* RAW DATA
━━━━━━━━━━━━━━━━━━━━━━━━━━━━━━

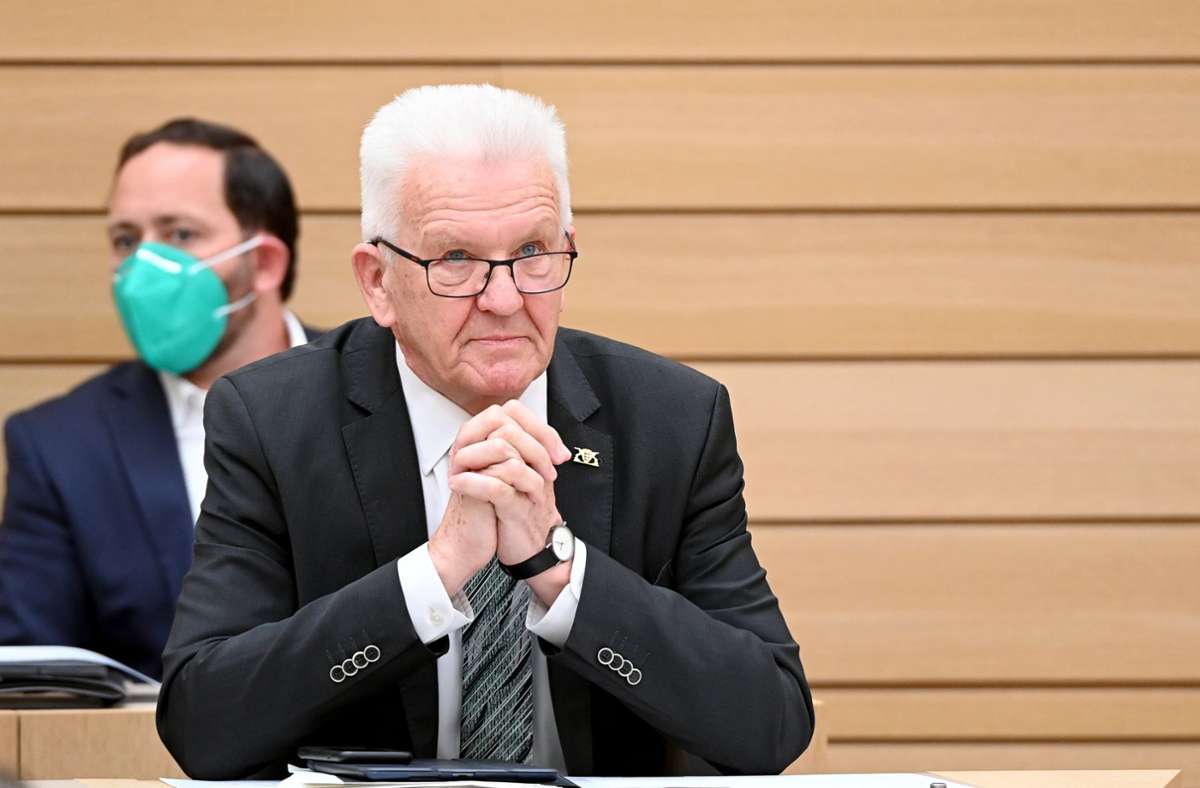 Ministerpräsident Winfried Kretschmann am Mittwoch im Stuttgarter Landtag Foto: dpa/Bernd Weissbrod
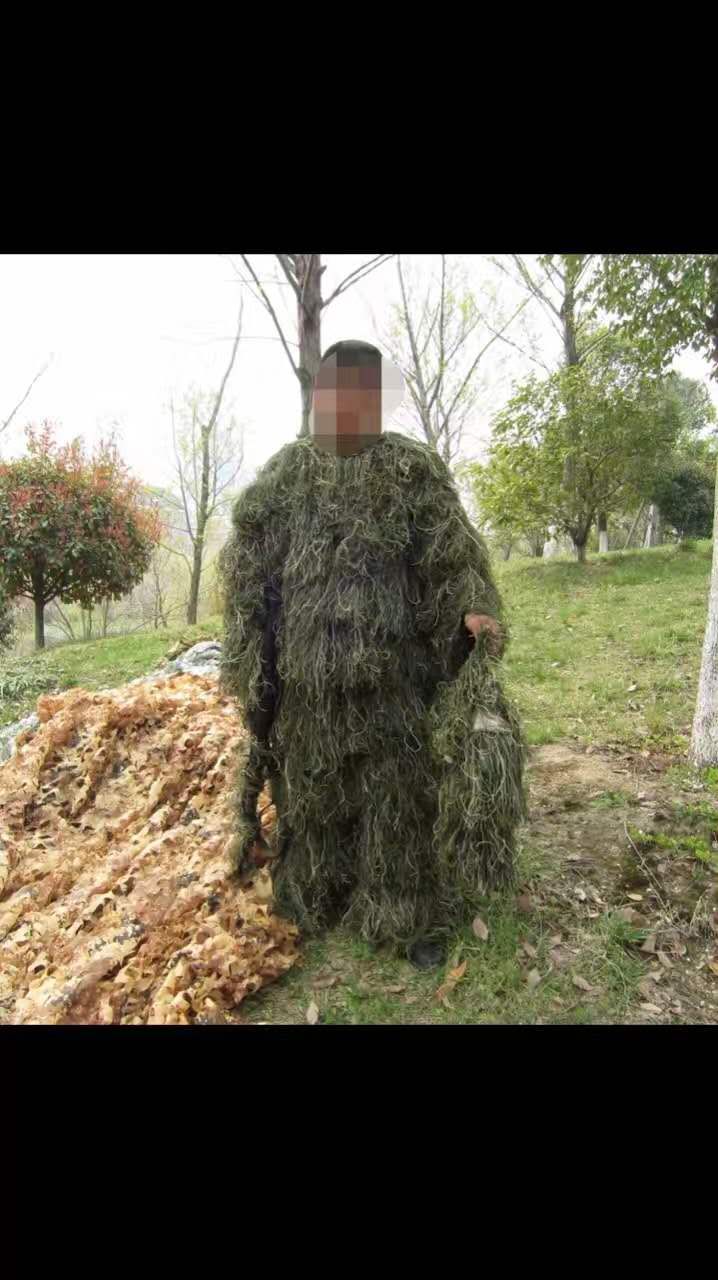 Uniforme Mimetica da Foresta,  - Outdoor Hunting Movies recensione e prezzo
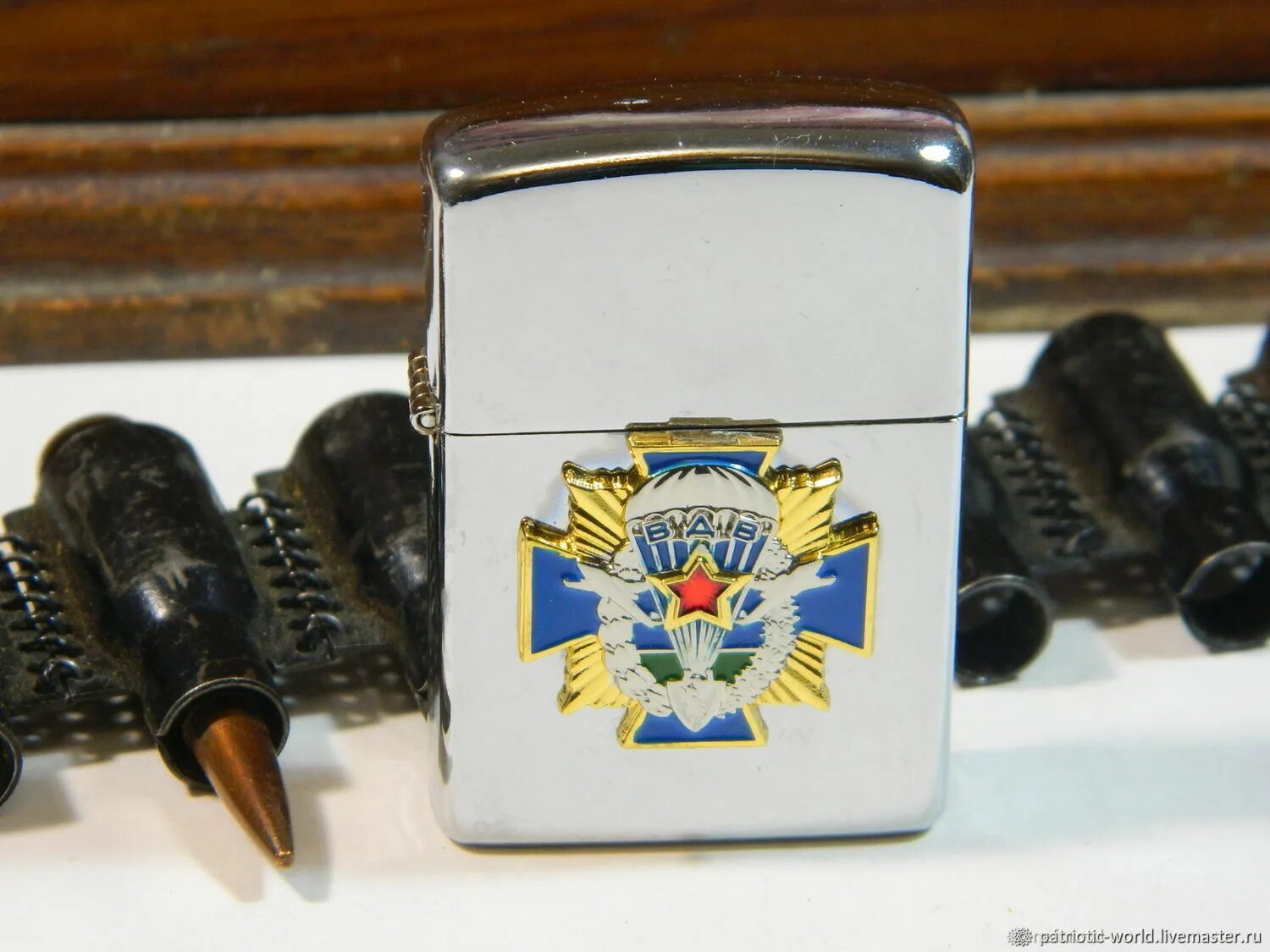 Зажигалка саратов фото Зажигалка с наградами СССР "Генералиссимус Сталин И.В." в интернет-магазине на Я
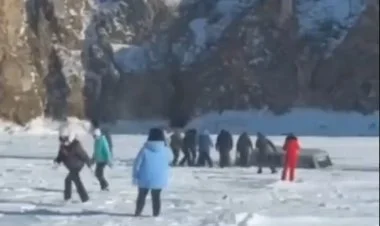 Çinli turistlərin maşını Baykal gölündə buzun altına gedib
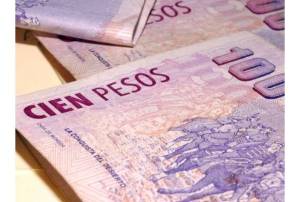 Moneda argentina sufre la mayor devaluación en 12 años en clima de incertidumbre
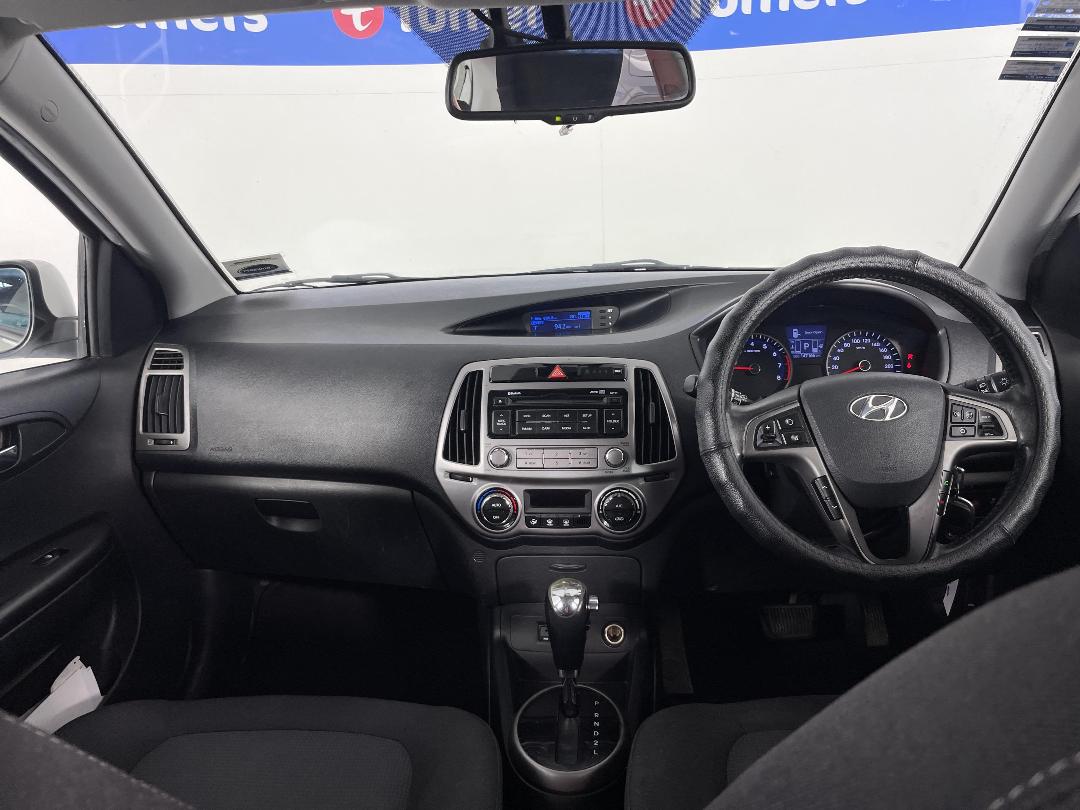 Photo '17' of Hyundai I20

━━━━━━━━━━━━━━━━━━━━━━━━━━━━━━

* TASK TO COMPLETE
Drop the pictures and set down the data above exactly.

* ANSWER BOX
 Ministerpräsident Winfried Kretschmann am Mittwoch im Stuttgarter Landtag Foto: dpa/Bernd Weissbrod
 Uniforme Mimetica da Foresta,  - Outdoor Hunting Movies recensione e prezzo
 Зажигалка саратов фото Зажигалка с наградами СССР "Генералиссимус Сталин И.В." в интернет-магазине на Я
 Çinli turistlərin maşını Baykal gölündə buzun altına gedib
 Moneda argentina sufre la mayor devaluación en 12 años en clima de incertidumbre
 Photo '17' of Hyundai I20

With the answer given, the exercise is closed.